HTTPD::Log::Filter - a module to filter entries out of an httpd log.


HTTPD-Log-Filter documentation Contained in the HTTPD-Log-Filter distribution.

Index


Code Index:

NAME

Top

HTTPD::Log::Filter - a module to filter entries out of an httpd log.

SYNOPSIS

Top

    my $hlf = HTTPD::Log::Filter->new(
        exclusions_file     => $exclusions_file,
        agent_re            => '.*Mozilla.*',
        format              => 'ELF',
    );

    while( <> )
    {
        my $ret = $hlf->filter( $_ );
        die "Error at line $.: invalid log format\n" unless defined $ret;
        print $_ if $ret;
    }

    print grep { $hlf->filter( $_ ) } <>;

    $hlf = HTTPD::Log::Filter->new(
        capture => [ qw(
            host
            ident
            authexclude
            date
            request
            status
            bytes
        ) ];
    );

    while( <> )
    {
        next unless $hlf->filter( $_ );
        print $hlf->host, "\n";
    }

    print grep { $hlf->filter( $_ ) } <>;

DESCRIPTION

Top

This module provide a simple interface to filter entries out of an httpd logfile. The constructor can be passed regular expressions to match against particular fields on the logfile. It does its filtering line by line, using a filter method that takes a line of a logfile as input, and returns true if it matches, and false if it doesn't.

There are two possible non-matching (false) conditions; one is where the line is a valid httpd logfile entry, but just doesn't happen to match the filter (where "" is returned). The other is where it is an invalid entry according to the format specified in the constructor.

CONSTRUCTOR

Top

The constructor is passed a number of options as a hash.
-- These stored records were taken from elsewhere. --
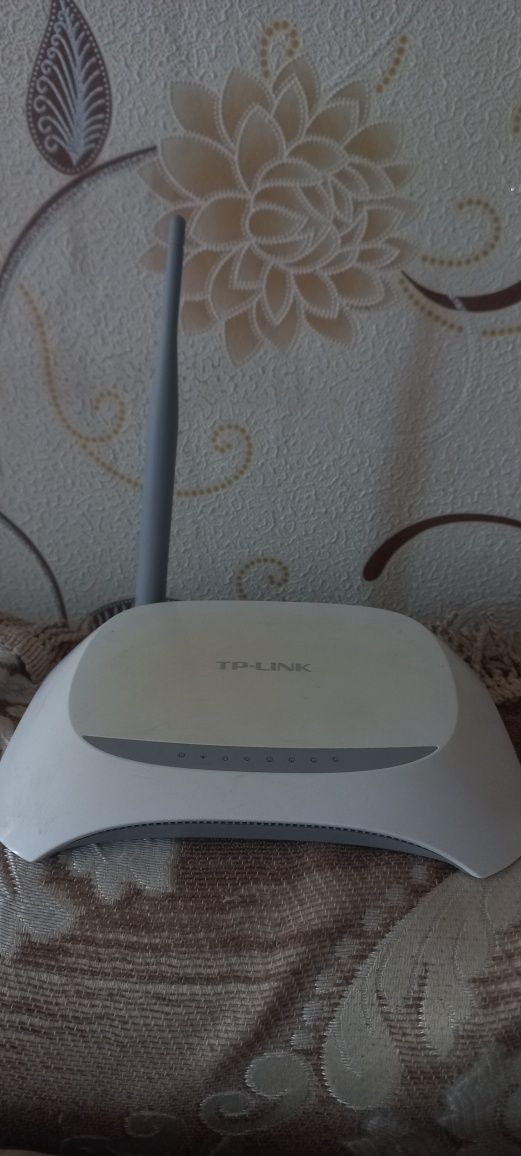 Продам Wi- Fi  Модем TP-LINK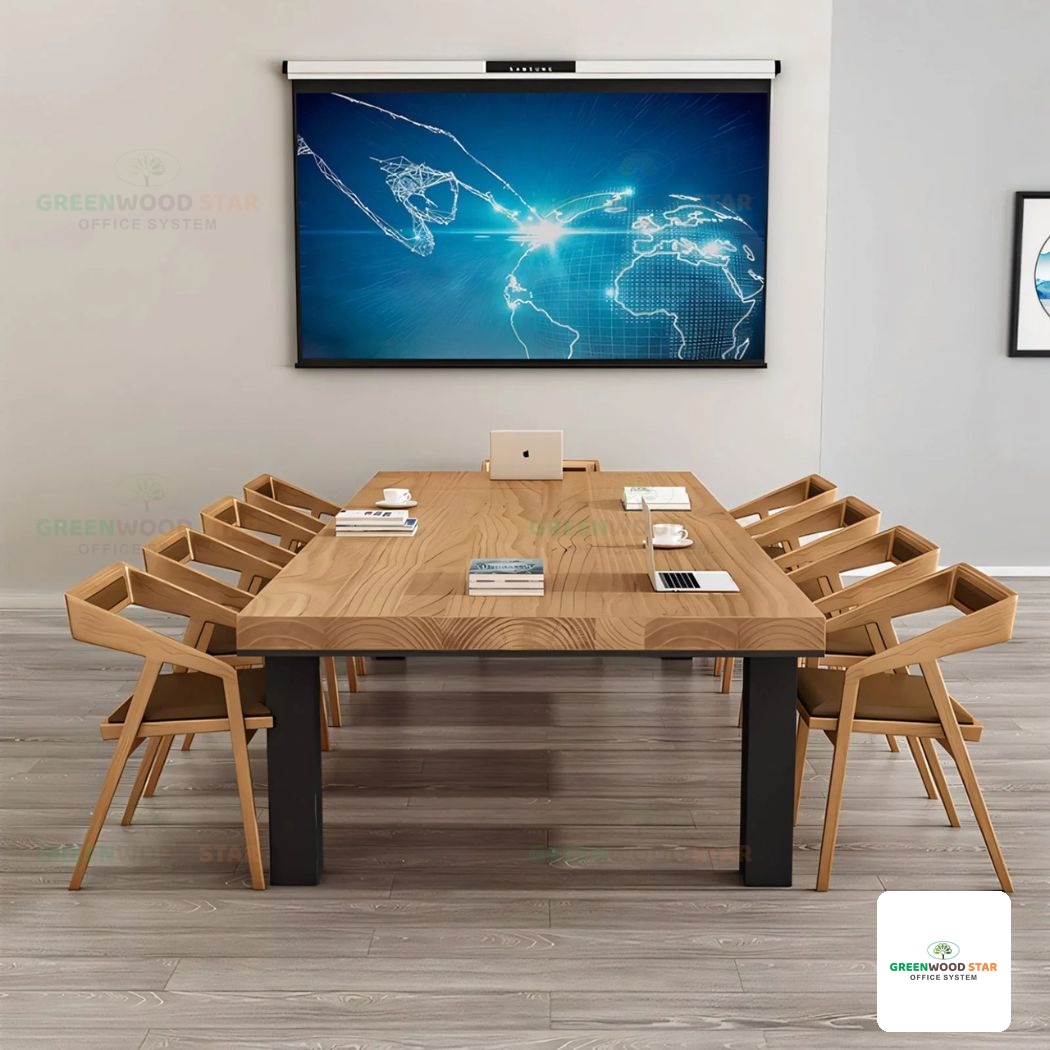 Meeting Table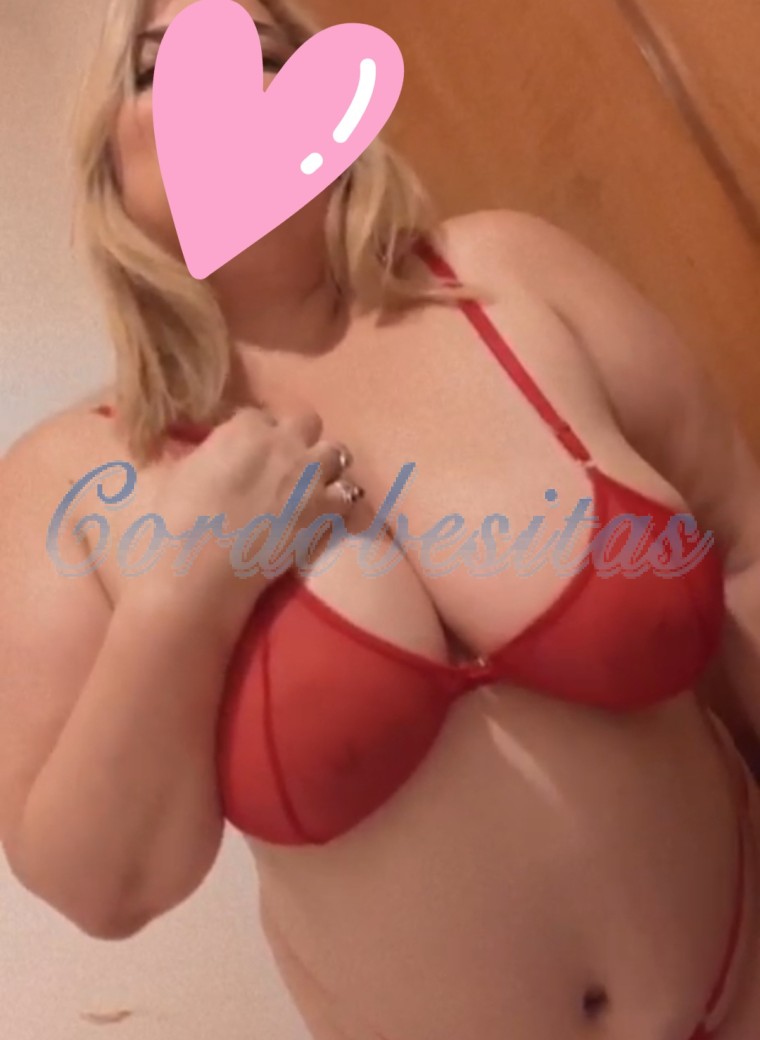 Lucia - Escort en Córdoba | Cordobesitas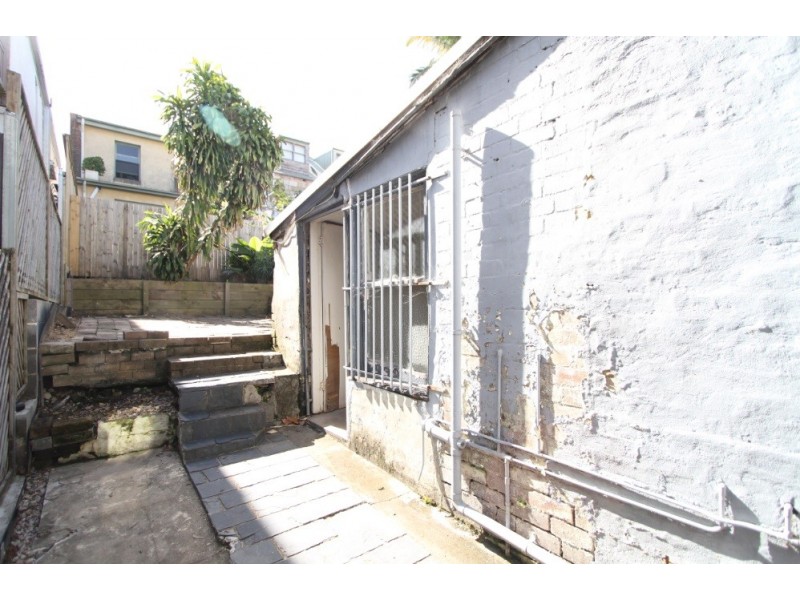 140 Reservoir St, Surry Hills NSW 2010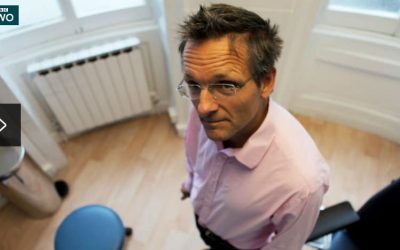 Horizon Diet Documentary – The 5:2 Diet As Seen On BBC’s Horizon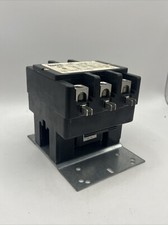 NEW* FASCO C3L90C Definite Purpose Magnetic Contactor 3186Y30K90369CJ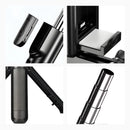 Bastão de Selfie com Tripé para Celular com Controle Dispara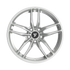 Fittipaldi 361S Wheel - Silver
These are:

exclusions_file

This option can be used to specify a filename for entries that don't match the filter to be written to.

invert

This option, is set to true, will invert the logic of the fliter; i.e. will return only non-matching lines.

format

This should be one of:

CLF

Common Log Format (CLF):

"%h %l %u %t \"%r\" %>s %b"

ELF

NCSA Extended/combined Log format:

"%h %l %u %t \"%r\" %>s %b \"%{Referer}i\" \"%{User-agent}i\""

XLF

Some bespoke format based on extended log format + some junk at the end:

"%h %l %u %t \"%r\" %>s %b \"%{Referer}i\" \"%{User-agent}i\"" %j

where %j is .* in regex-speak.

See http://httpd.apache.org/docs/mod/mod_log_config.html for more information on log file formats.

SQUID

Logging format for Squid (v1.1+) caching / proxy servers. This is of the form:

"%9d.%03d %6d %s %s/%03d %d %s %s %s %s%s/%s %s"

where the fields are:

    time 
    elapsed 
    remotehost 
    code_status 
    bytes 
    method 
    url 
    rfc931
    peerstatus_peerhost 
    type




(see http://www.squid-cache.org/Doc/FAQ/FAQ-6.html for more info).
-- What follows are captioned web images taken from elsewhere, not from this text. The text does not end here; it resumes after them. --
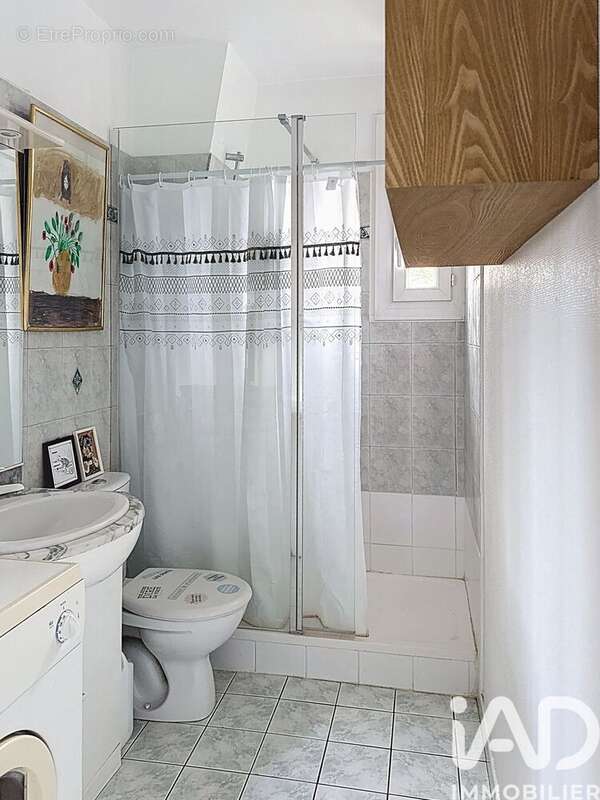 Photo 6 - Appartement à MORSANG-SUR-ORGE
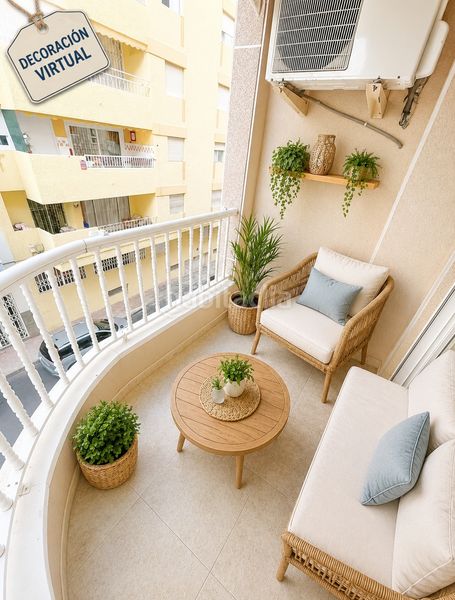 Foto 7e34e5a4-92ee-4287-bde7-f9615a3d763d. Apartament a El Acequión Torrevieja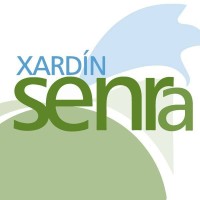 Xardin Senra logo - Similar company to Agua Y Jardín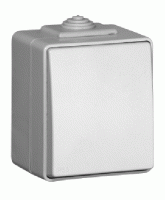 Ổ cắm chống nước IP65 hãng EFAPEL - Bồ Đào Nha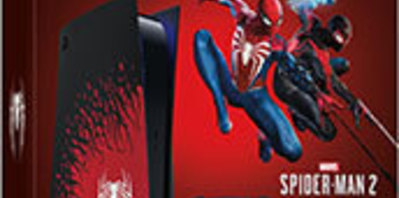 PS5 Édition Limitée Spider-Man 2 - Neuve Scellée - Collector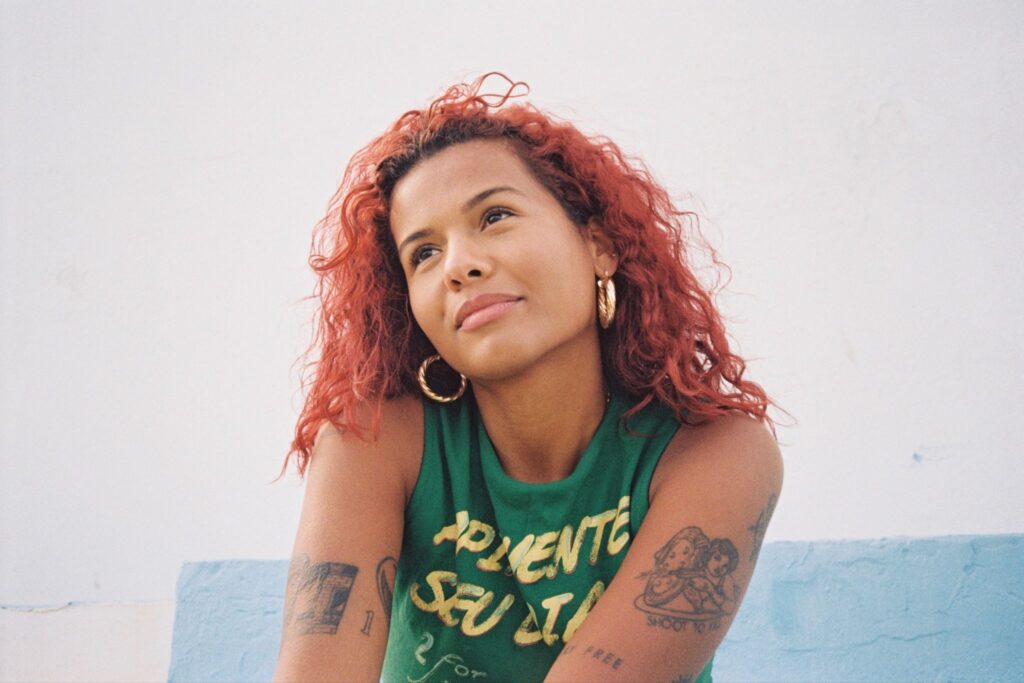 Faye Meana’s ‘All This Time’ Taps In To Summer’s Lingering Energies | News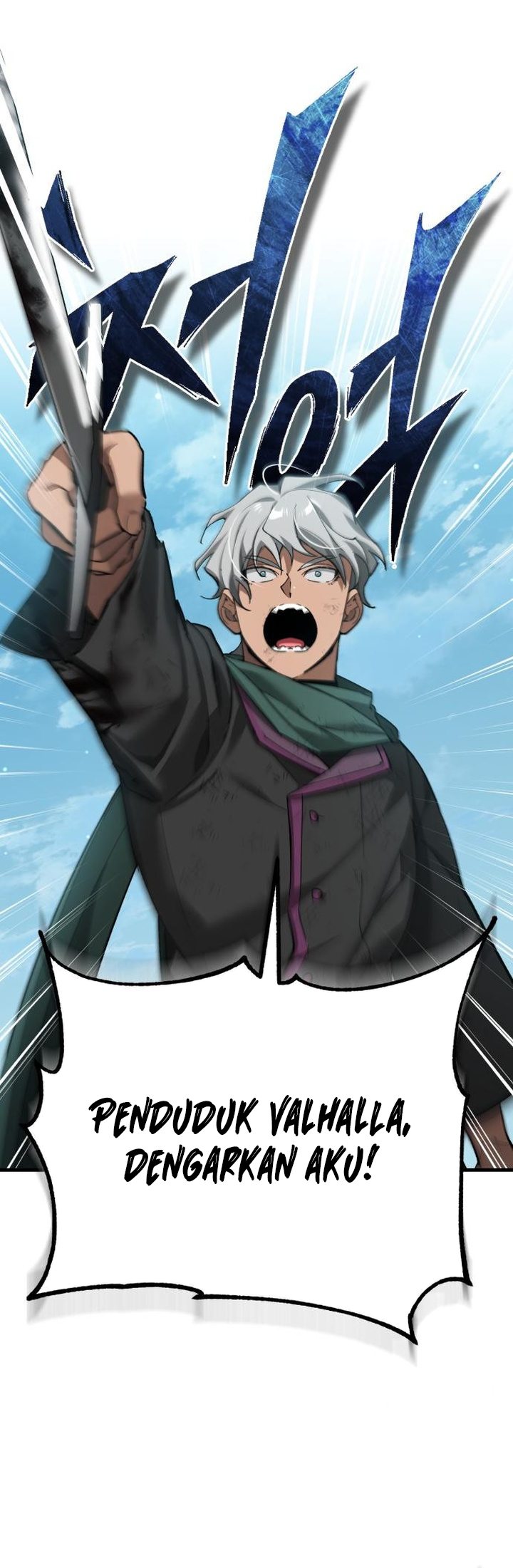 Read The Heavenly Demon Can’t Live a Normal Life ID Manga Online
(host|ident|authexclude|date|request|status|bytes|referer|agent)_re

This class of options specifies the regular expression or expressions which are used to filter the logfile for httpd logs.

(time|elapsed|remotehost|code_status|method|url|rfc931|peerstatus_peerhost|type)_re

Ditto for Squid logs.

capture [ <fieldname1>, <fieldname2>, ... ]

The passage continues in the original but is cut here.